ACTIVITY
Don't include any picture when you restate the data word for word.

-------- SUPPLIED RECORDS --------

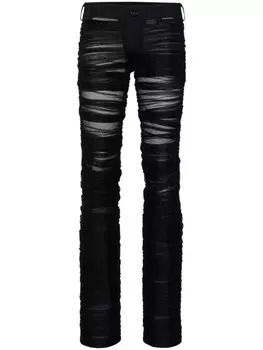DSQUARED2 полупрозрачные брюки, черный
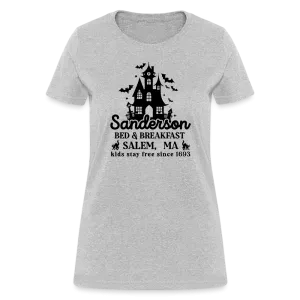 Sanderson Bed & Breakfast Salem MA Women's Contoured T-Shirt (Halloween)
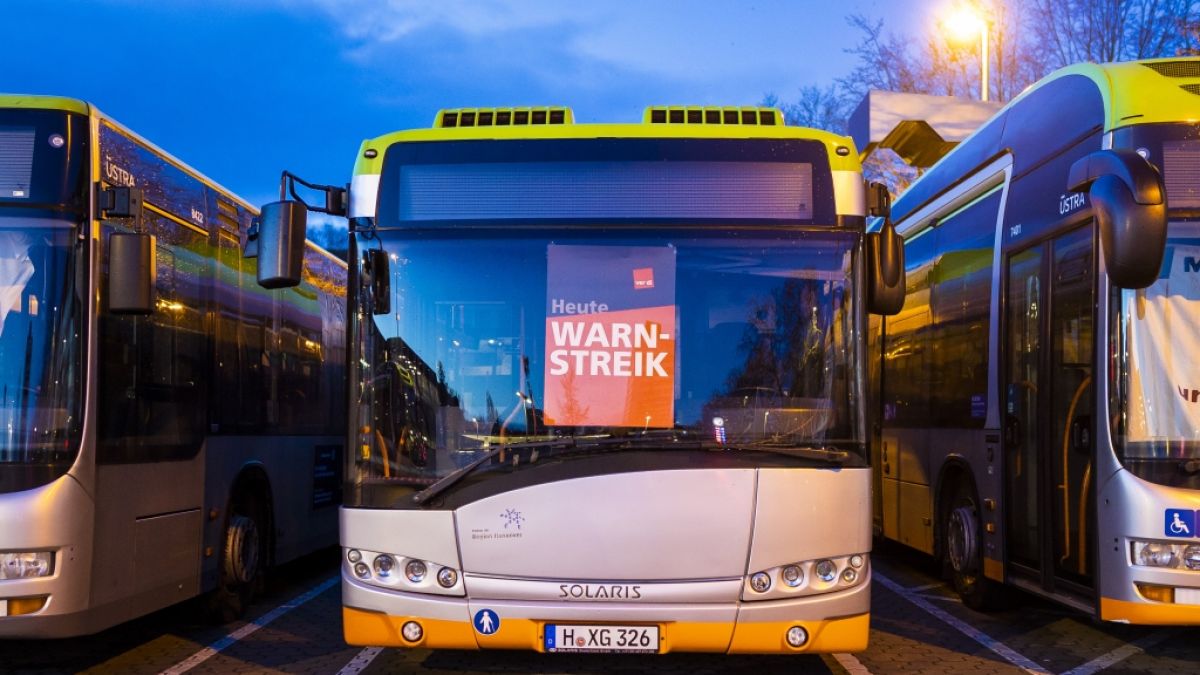 Verdi plant Arbeitsniederlegungen in Bussen und Bahnen in weiten Teilen Deutschlands. (Foto)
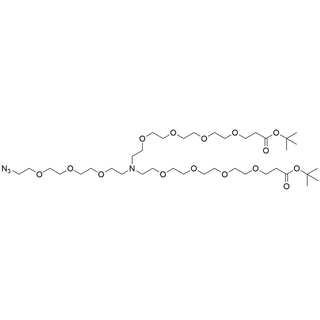 N-(Azido-PEG3)-N-bis(PEG4-t-butyl ester)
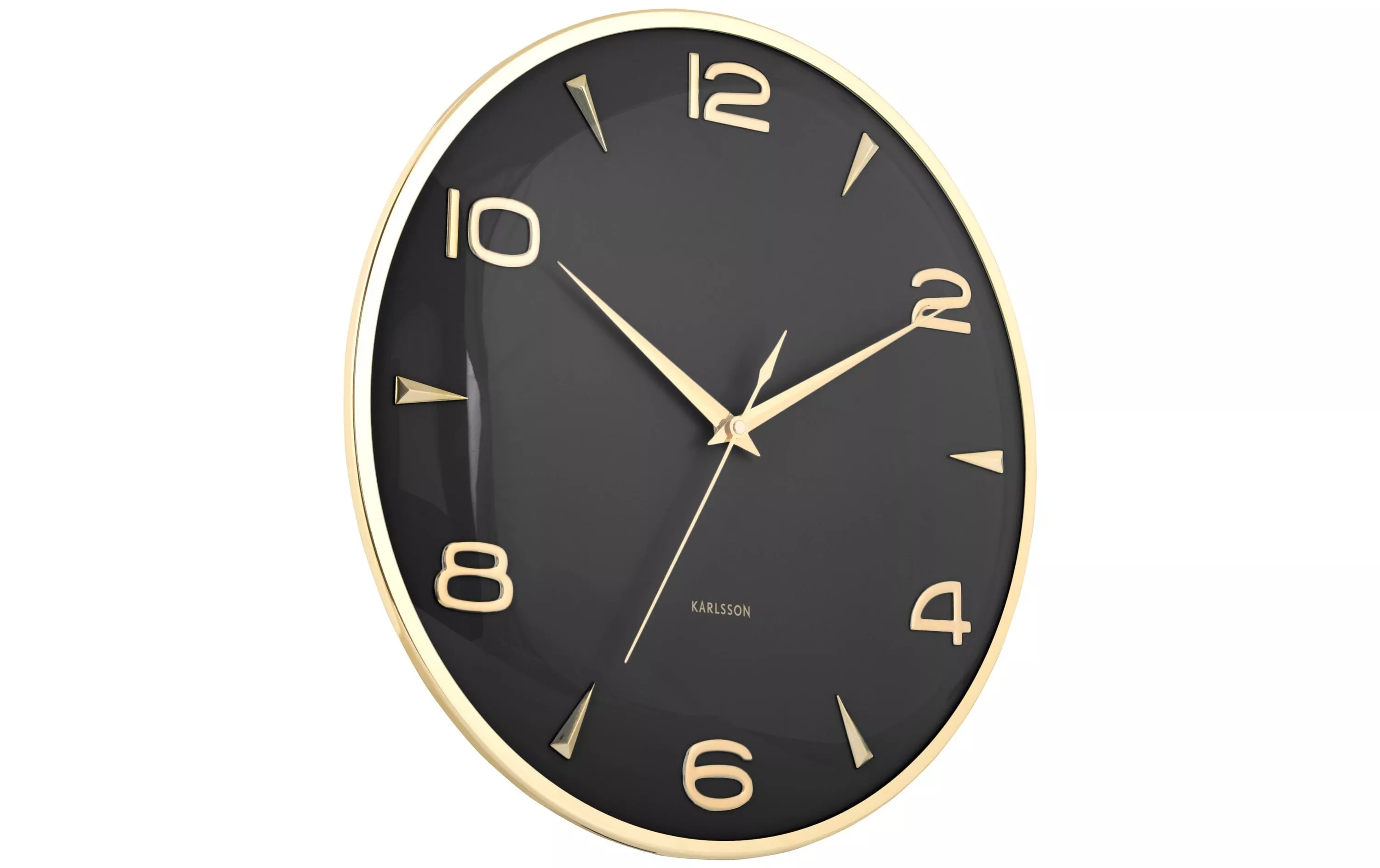 Horloge murale Sienna Glow Black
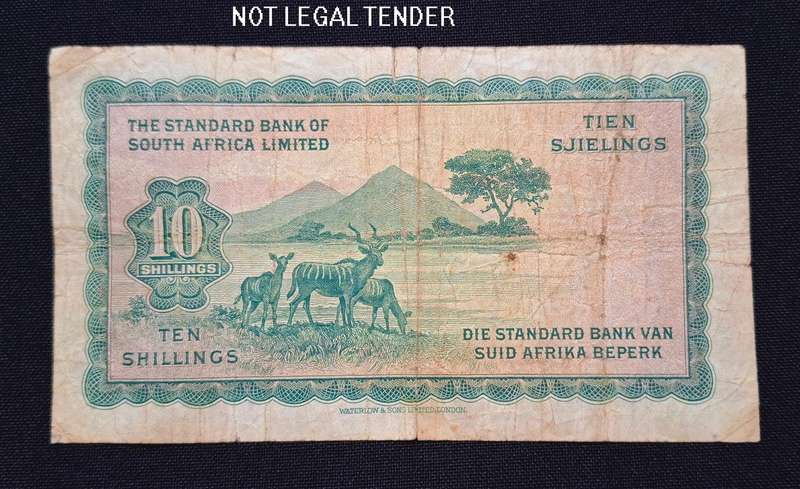 South West Africa(Windhoek) Standard Bank 10 Shillings 15TH JUNE 1959     NN1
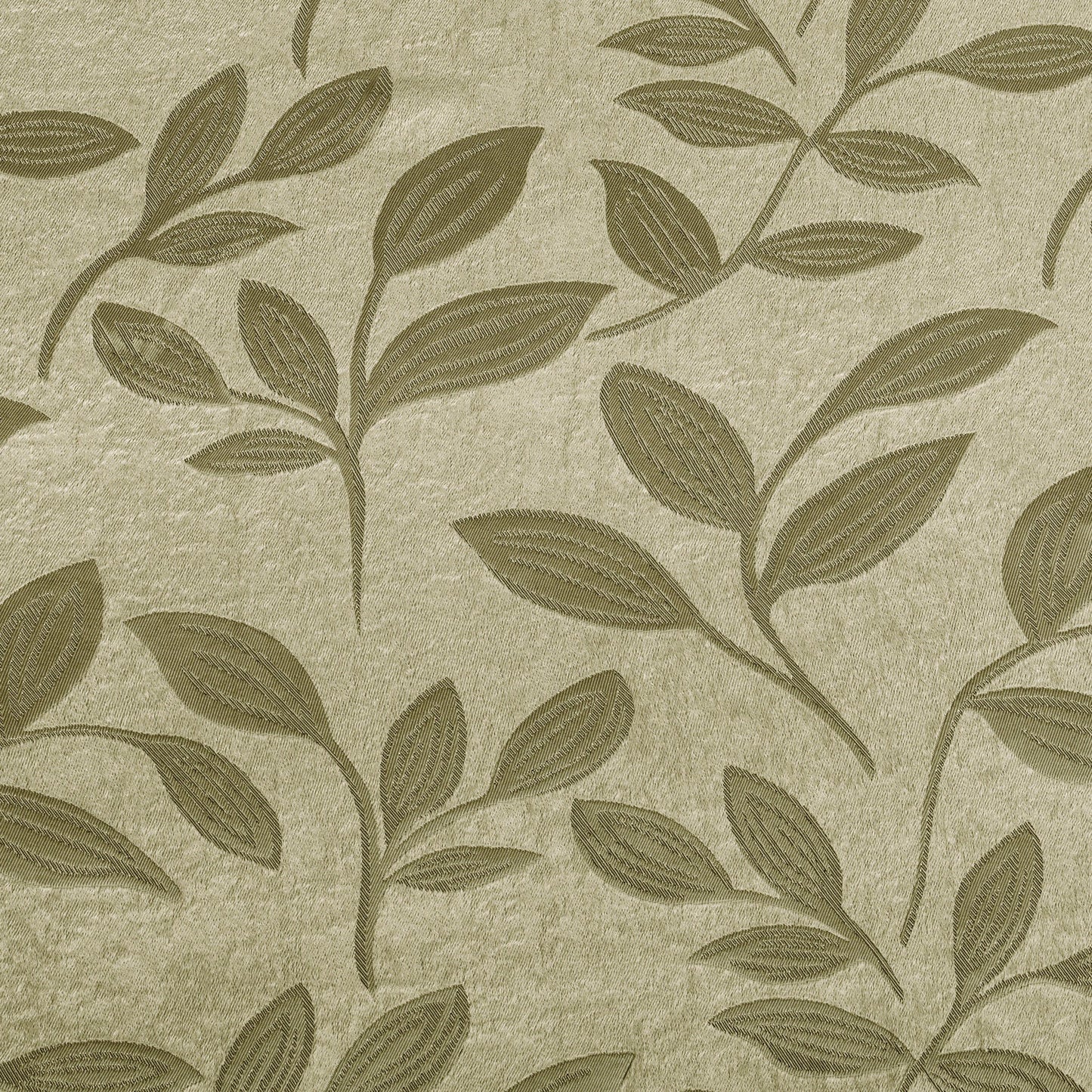 Leaves Jacquard Thermal Insulated Blackout Grommet Panel Curtain Set FredCo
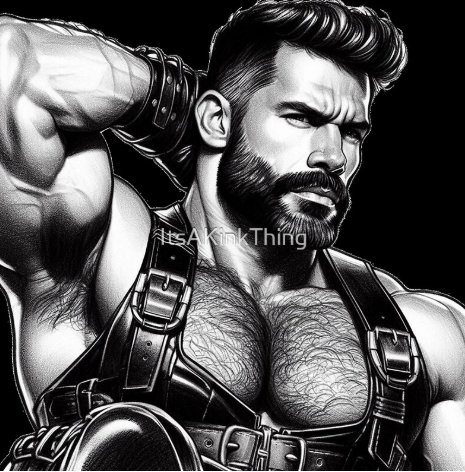 Gay San Francisco Pride "His Majesty" Leather Bar Pride Graphic Design product image (1)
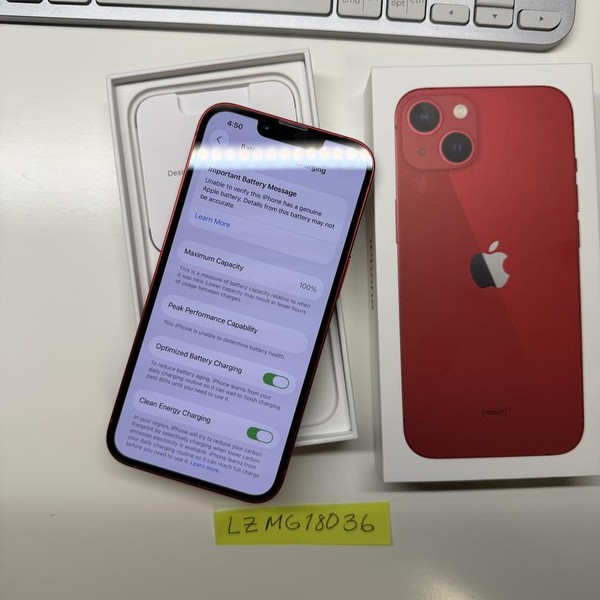 Apple iPhone 13 - Unlocked, 128 GB, Red, A2482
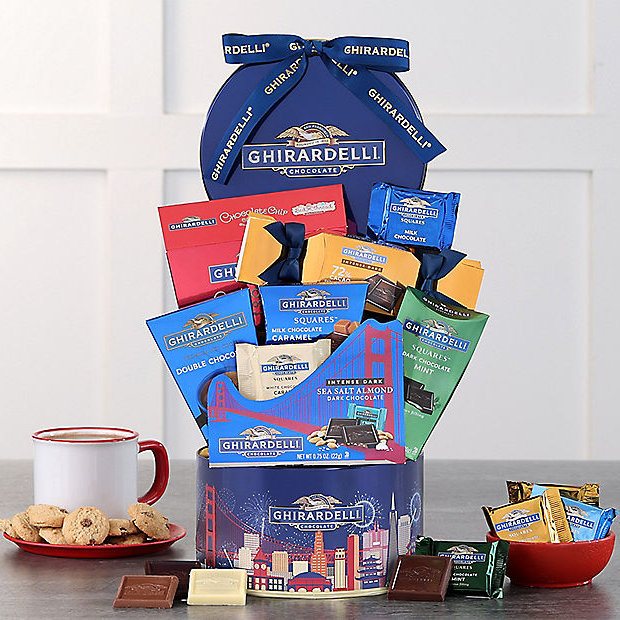 Ghirardelli Favorites: Premium Chocolate Basket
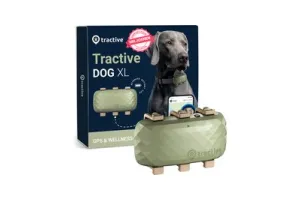 Tractive DOG XL - GPS, Gezondheid &amp; Activity Tracker voor honden - Past op meeste halsbanden - Waterdicht - Groen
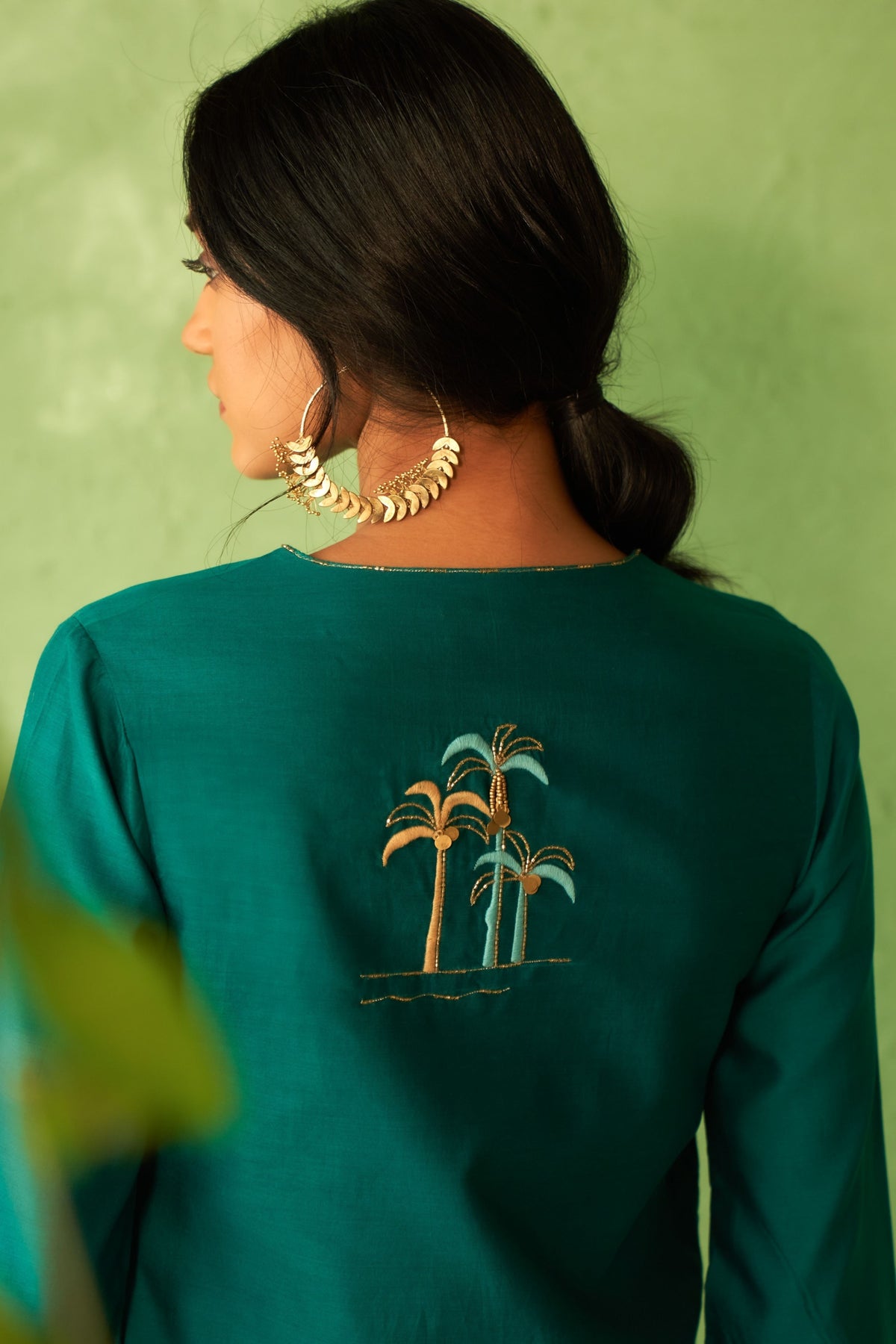Peacock Green Kurta Set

--------

ANSWER FOR THIS EXERCISE
DSQUARED2 полупрозрачные брюки, черный
 Sanderson Bed & Breakfast Salem MA Women's Contoured T-Shirt (Halloween)
 Verdi plant Arbeitsniederlegungen in Bussen und Bahnen in weiten Teilen Deutschlands. (Foto)
 N-(Azido-PEG3)-N-bis(PEG4-t-butyl ester)
 Horloge murale Sienna Glow Black
 South West Africa(Windhoek) Standard Bank 10 Shillings 15TH JUNE 1959     NN1
 Leaves Jacquard Thermal Insulated Blackout Grommet Panel Curtain Set FredCo
 Gay San Francisco Pride "His Majesty" Leather Bar Pride Graphic Design product image (1)
 Apple iPhone 13 - Unlocked, 128 GB, Red, A2482
 Ghirardelli Favorites: Premium Chocolate Basket
 Tractive DOG XL - GPS, Gezondheid &amp; Activity Tracker voor honden - Past op meeste halsbanden - Waterdicht - Groen
Peacock Green Kurta Set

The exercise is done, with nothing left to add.